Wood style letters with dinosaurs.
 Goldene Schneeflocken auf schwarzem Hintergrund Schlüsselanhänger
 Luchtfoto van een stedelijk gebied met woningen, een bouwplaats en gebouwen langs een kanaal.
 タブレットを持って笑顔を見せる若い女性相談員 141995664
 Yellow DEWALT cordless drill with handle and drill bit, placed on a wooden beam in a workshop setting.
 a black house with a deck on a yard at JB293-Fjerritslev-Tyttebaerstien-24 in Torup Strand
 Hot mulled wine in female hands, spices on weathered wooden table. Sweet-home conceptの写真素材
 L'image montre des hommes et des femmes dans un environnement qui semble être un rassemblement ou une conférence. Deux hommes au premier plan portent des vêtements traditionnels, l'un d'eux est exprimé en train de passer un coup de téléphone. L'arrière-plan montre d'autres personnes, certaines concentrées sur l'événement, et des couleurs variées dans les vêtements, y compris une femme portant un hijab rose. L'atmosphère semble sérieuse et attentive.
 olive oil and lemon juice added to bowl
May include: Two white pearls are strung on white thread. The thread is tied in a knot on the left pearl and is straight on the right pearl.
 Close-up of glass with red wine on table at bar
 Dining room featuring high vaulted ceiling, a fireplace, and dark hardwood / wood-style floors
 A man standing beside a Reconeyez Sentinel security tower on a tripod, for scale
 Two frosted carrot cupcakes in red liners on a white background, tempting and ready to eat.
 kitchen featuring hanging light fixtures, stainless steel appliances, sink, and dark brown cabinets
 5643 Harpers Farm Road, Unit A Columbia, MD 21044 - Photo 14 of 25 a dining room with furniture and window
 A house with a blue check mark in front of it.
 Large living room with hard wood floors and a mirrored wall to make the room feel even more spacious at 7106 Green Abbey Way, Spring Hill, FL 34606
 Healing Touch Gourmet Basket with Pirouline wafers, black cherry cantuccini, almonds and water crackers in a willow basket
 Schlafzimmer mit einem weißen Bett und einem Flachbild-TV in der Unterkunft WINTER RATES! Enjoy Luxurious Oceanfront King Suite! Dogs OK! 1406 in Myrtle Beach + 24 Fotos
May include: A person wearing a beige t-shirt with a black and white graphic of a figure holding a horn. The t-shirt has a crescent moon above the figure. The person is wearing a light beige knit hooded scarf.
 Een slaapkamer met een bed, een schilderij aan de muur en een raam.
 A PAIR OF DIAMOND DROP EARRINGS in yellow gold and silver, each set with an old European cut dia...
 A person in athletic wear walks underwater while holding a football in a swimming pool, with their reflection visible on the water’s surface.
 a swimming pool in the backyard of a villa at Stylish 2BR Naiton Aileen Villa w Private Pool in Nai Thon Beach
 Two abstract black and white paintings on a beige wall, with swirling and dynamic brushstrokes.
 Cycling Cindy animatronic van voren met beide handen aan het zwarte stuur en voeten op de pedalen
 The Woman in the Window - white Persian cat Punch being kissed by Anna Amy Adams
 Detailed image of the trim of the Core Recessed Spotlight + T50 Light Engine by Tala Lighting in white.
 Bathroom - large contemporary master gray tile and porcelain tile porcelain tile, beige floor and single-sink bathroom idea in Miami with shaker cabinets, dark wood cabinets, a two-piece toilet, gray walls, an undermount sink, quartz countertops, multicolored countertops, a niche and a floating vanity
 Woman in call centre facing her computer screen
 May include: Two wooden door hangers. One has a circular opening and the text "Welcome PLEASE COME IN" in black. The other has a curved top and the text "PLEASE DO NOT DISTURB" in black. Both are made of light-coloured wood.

:::

[Exercise brief] The line with "A person in", the last line of the data above, and every line between them should be duplicated exactly, with nothing else.

[Answer to the exercise]
 A person in athletic wear walks underwater while holding a football in a swimming pool, with their reflection visible on the water’s surface.
 a swimming pool in the backyard of a villa at Stylish 2BR Naiton Aileen Villa w Private Pool in Nai Thon Beach
 Two abstract black and white paintings on a beige wall, with swirling and dynamic brushstrokes.
 Cycling Cindy animatronic van voren met beide handen aan het zwarte stuur en voeten op de pedalen
 The Woman in the Window - white Persian cat Punch being kissed by Anna Amy Adams
 Detailed image of the trim of the Core Recessed Spotlight + T50 Light Engine by Tala Lighting in white.
 Bathroom - large contemporary master gray tile and porcelain tile porcelain tile, beige floor and single-sink bathroom idea in Miami with shaker cabinets, dark wood cabinets, a two-piece toilet, gray walls, an undermount sink, quartz countertops, multicolored countertops, a niche and a floating vanity
 Woman in call centre facing her computer screen
 May include: Two wooden door hangers. One has a circular opening and the text "Welcome PLEASE COME IN" in black. The other has a curved top and the text "PLEASE DO NOT DISTURB" in black. Both are made of light-coloured wood.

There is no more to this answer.